Sep. 7, 2007  ·   A group that runs a Web site dedicated to protecting and promoting constitutional rights continues to be restrained from publishing any tax-related materials, but need not release the identities of individuals who have accessed those materials, the U.S. Court of Appeals in Manhattan (2nd Cir.) ruled Aug. 31.

On Aug. 9, the U.S. District Court in Binghamton, N.Y., ordered Robert L. Schulz and his two groups — We the People Foundation for Constitutional Education Inc. and We the People Congress — to stop posting materials by Aug. 30 that suggest Americans do not have to pay federal income taxes. Judge Thomas A. McAvoy of the district court also directed the groups to turn over to the Internal Revenue Service names, Social Security numbers and other identifying information of those who had previously been provided with tax information. But in an emergency order last week, appeals court Judge Peter W. Hall blocked the action.

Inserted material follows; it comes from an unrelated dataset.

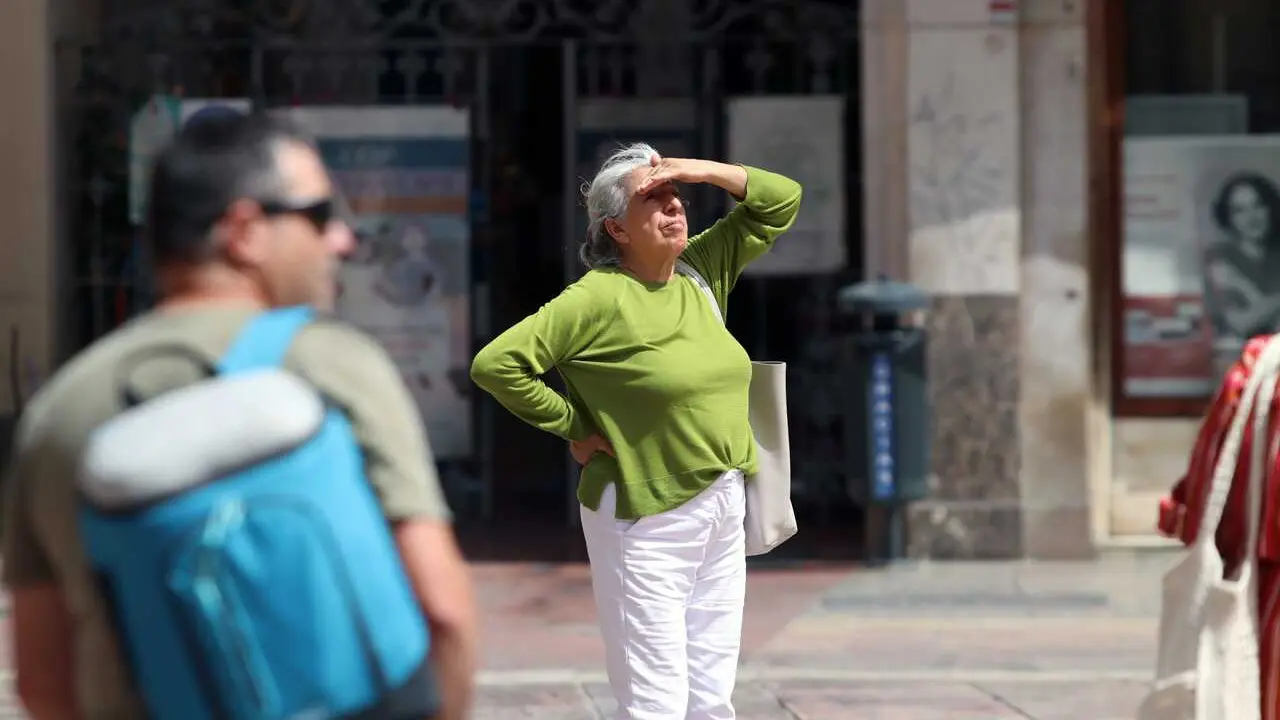 Archivo - Viandantes soportan las altas temperaturas por las calles de M&aacute;laga, A 7 de agosto de 2025 en M&aacute;laga, Andaluc&iacute;a (Espa&ntilde;a).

The district court had previously ruled that the content on Schulz’s site was not protected First Amendment speech because it “incites imminent lawless action” by directing individuals and entities to violate U.S. tax laws. McAvoy cited the 1969 U.S. Supreme Court case Brandenburg v. Ohio, which set forth the standard by which speech may be punished as whether it is “directed to inciting or producing imminent lawless action and is likely to incite or produce such actions.” In that case, the court found that a Ku Klux Klan member’s racist provocations were nonetheless protected by the First Amendment.

The government had sued Schulz and the Foundation under federal income tax laws alleging their activity resulted in creating abusive tax shelters. Schulz moved to dismiss the lawsuit, arguing that his speech was protected by the First Amendment, but the government then moved for summary judgment – asking the court to decide the case on the facts without further hearings or briefing. The district court denied Schulz’s motion and granted the government’s motion. The judge acknowledged the prior restraint in his order, but justified it due to violation of the tax laws.

Schulz appealed to the Second Circuit, which has agreed to hear arguments Sept. 18 on his motion to stay the district court’s order and to expedite his appeal. In the meantime, Hall stayed the portion of the order that required the release of identifying information. Schulz had argued the group’s content was protected as political speech and under its right to petition the government for redress. Schulz said his group had asked the government several questions regarding the lawfulness of government activities under the constitution and when it received no response, some members determined they were justified in withholding tax payments as a non-violent response.

Schulz said he removed the information from the Web site prior to the Aug. 30 deadline, he says, because “the order is so broad and vague, we did not want to be held in contempt of court.”

He said he “fully expects” he will prevail in getting the lower court’s order overturned. “Clearly, we are not inciting lawbreaking; there is no element of imminency,” he said.